Clinical Significance of 5-Fluorouracil Chemosensitivity Testing in Patients with Colorectal Cancer

Patients and Methods

Patients and data. Prospectively collected data were analyzed retrospectively for patients with T3 or T4 colorectal cancer without nodal involvement and node-positive rectal cancer without distant metastasis, who had undergone radical resection and treatment with 5-fluorouracil (5-FU)/leucovorin adjuvant chemotherapy at the Korea University Ansan Hospital between December 2005 and December 2012. D2 or D3 lymphadenectomies were routinely performed for all patients. Pathologic examinations were conducted by experienced pathologists and the pathologic stage was determined according to the 7th Edition of the American Joint Committee on Cancer guidelines. Patients who had familial colon cancer, a history of other malignancies, as well as patients who underwent surgical resection other than R0 resection, were excluded from this study. Patients who previously had colorectal cancer and those who had received prior chemotherapy, immunotherapy or radiotherapy were also excluded. All patients included in the study received chemotherapy within 6 weeks of surgery. The Institutional Review Board of Korea University Ansan Hospital approved this study (AS16142-002).
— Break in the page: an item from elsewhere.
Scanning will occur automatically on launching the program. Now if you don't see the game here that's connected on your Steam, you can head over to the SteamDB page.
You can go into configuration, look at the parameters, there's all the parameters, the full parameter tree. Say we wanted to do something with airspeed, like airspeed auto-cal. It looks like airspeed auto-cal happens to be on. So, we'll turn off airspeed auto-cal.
Chemotherapy. All patients received 5-FU/leucovorin chemotherapy as an adjuvant treatment. The regimen used in this study consisted of an intravenous continuous infusion of 5-FU (425 mg/m²) plus leucovorin (20 mg/m²), daily for 5 days, every 4 weeks, over 6 cycles, after surgical resection.
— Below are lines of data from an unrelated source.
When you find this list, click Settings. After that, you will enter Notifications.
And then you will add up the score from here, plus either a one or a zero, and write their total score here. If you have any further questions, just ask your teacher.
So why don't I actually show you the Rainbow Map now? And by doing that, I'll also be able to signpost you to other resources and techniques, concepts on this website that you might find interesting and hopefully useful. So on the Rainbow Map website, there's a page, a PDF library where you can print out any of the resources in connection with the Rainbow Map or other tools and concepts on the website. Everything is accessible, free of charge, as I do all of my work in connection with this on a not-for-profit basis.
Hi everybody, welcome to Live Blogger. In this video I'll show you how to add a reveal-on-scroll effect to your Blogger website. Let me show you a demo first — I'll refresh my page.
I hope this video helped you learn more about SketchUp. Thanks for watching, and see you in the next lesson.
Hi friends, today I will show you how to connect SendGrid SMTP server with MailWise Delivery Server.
Follow-up. During chemotherapy, patients underwent routine follow-up examinations, including abdomen and pelvis computed tomography (CT), chest CT, carcinoembryonic antigen (CEA) measurement, routine blood analysis every 3 cycles and total colonoscopy after completion of chemotherapy. For patients who discontinued chemotherapy, routine follow-up examinations were performed after the last chemotherapy treatment and every 6 months after the operation for a total of a 2-year postoperative period, with the exception of the CEA measurement that was performed every 3 months at least for a postoperative period of 5 years.
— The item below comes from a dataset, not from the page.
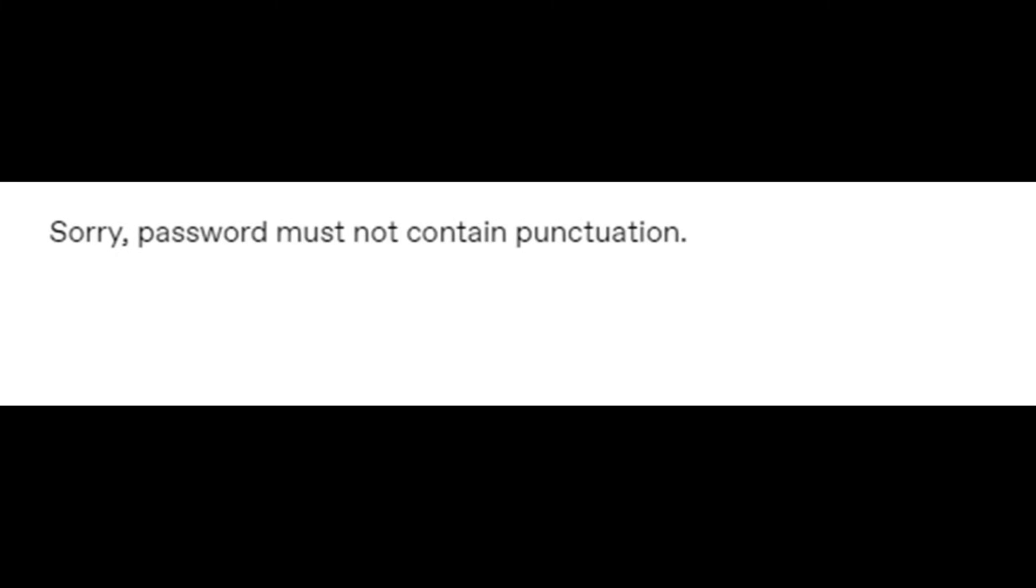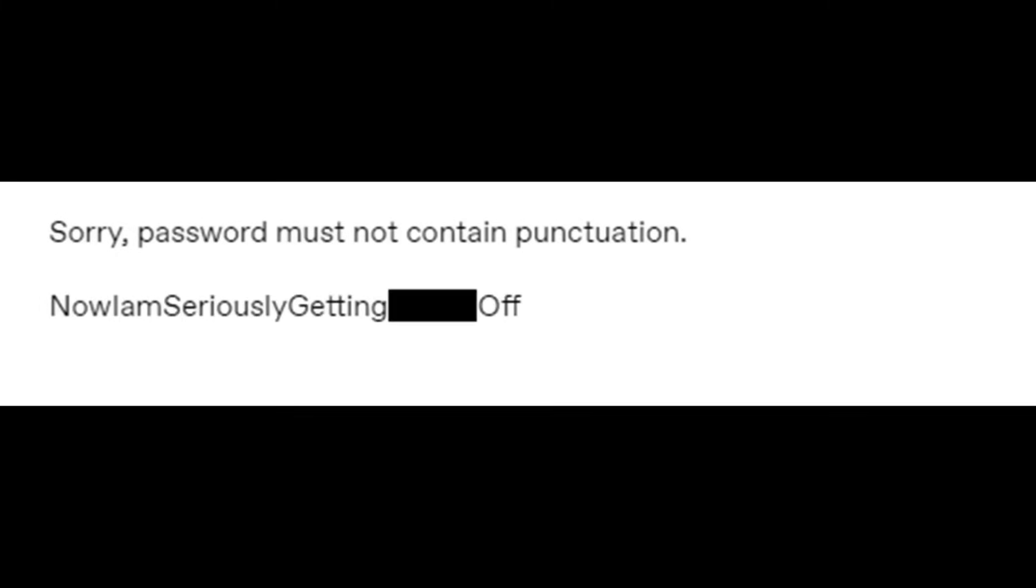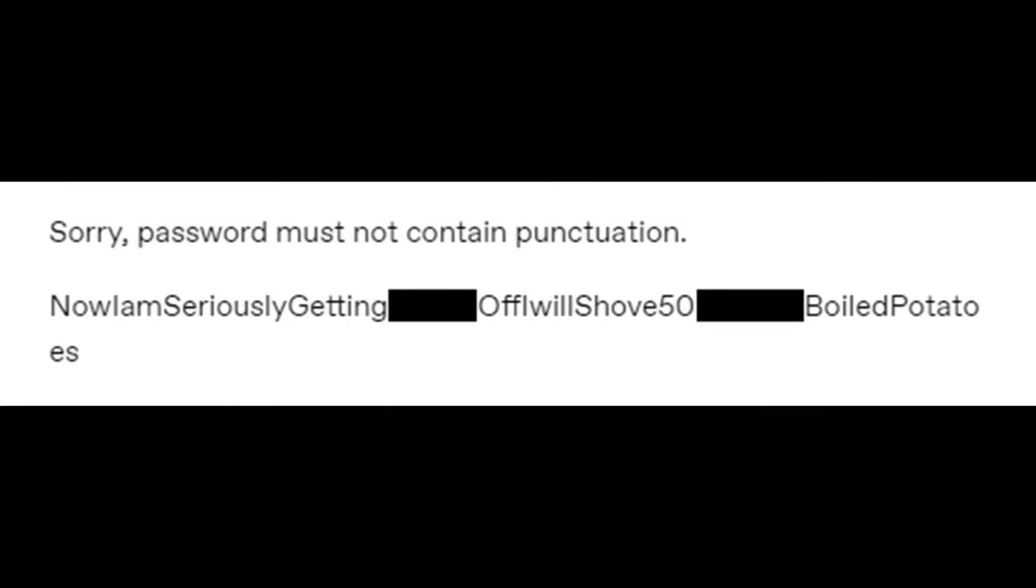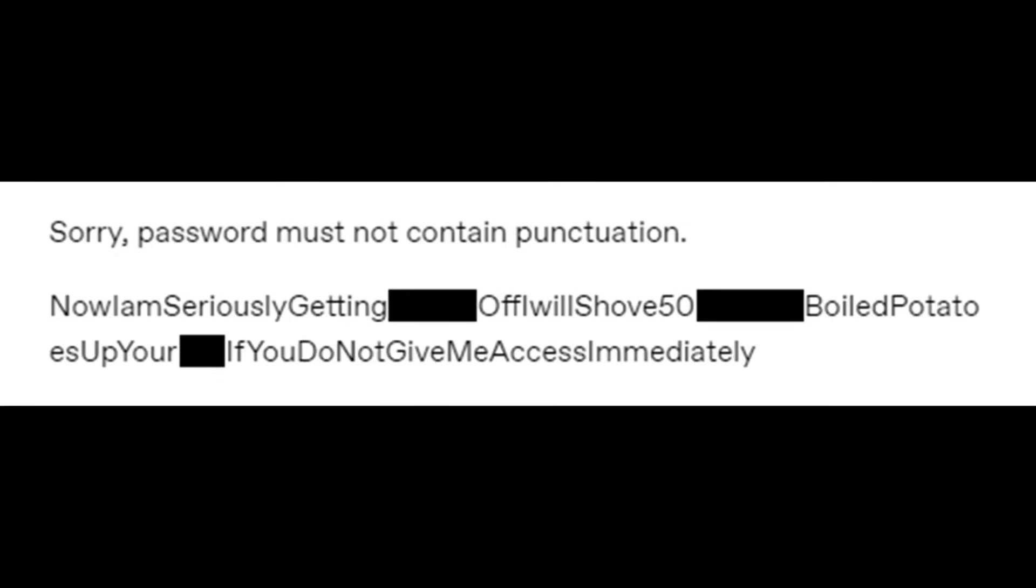Sorry, password must not contain punctuation. No, I am seriously getting ****ed off. I will shove fifty boiled potatoes up your **** if you do not give me access immediately.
HDRA with an MTT end-point. HDRA was performed according to the modified protocol of Hoffman et al. (4). Collagen gel sponges were cut into 10-mm cubes and placed in the wells of a 24-well plate. The sponges were then soaked with RPMI-1640 culture medium containing 20% fetal bovine serum and 25× Fungizone (Gibco, Grand Island, NY, USA). The fresh surgical specimens were washed 3 times with RPMI-1640 medium and then cut into 24, 1-mm cubes. Next, a tissue cube was placed on each of the gel sponges in each well. After 24-hour incubation, 5-FU was added to the plate and tested in the culture medium at final concentrations of 3, 12, 6.25, 12.5, 25, 50 and 100 μg/ml. Wells that did not contain the chemotherapeutic agent were used as a control. After culturing for another 6 days at 37°C in an atmosphere of 5% CO₂, 5 mg of 3-(4,5-dimethylthiazol-2-yl)02,5-diphenyl-2H tetrazolium bromide (MTT; Sigma-Aldrich, St. Louis, MO, USA) was dissolved in 1 ml of phosphate-buffered saline containing 100 nM sodium succinate and 100 μl of the resulting solution was added to each well. After incubation for 3 hours at 37°C, the tissue cubes were transferred to new wells containing 1 ml of dimethyl sulfoxide (DMSO) for extraction of the MTT-formazan product. Then, 100 μl of the extract was transferred to each well of a 96-well plate and the absorbance of the wells was measured at 540 nm using a microplate reader. The wet weight of the tumor tissues was measured after extraction with DMSO. The tumor growth inhibition rate (IR) was calculated by the following equation: IR (%)=(1 − mean absorbance/g of the drug-treated wells/mean absorbance/g of the control wells) ×100. In this study, the tumor was regarded as sensitive to the chemotherapeutic agent when the IR was ≥30% at 5-FU concentrations >50 μg/ml (5, 6).

Statistical analysis. Clinicopathological analysis and comparison of toxicities were performed using the Student's t-test and chi-square test. Survival was analyzed using the Kaplan-Meier method with the log-rank test. The Cox proportional hazards model was applied to identify recurrence risk factors. All statistical analyses were performed using SPSS, version 20 (IBM Corp., Armonk, NY, USA).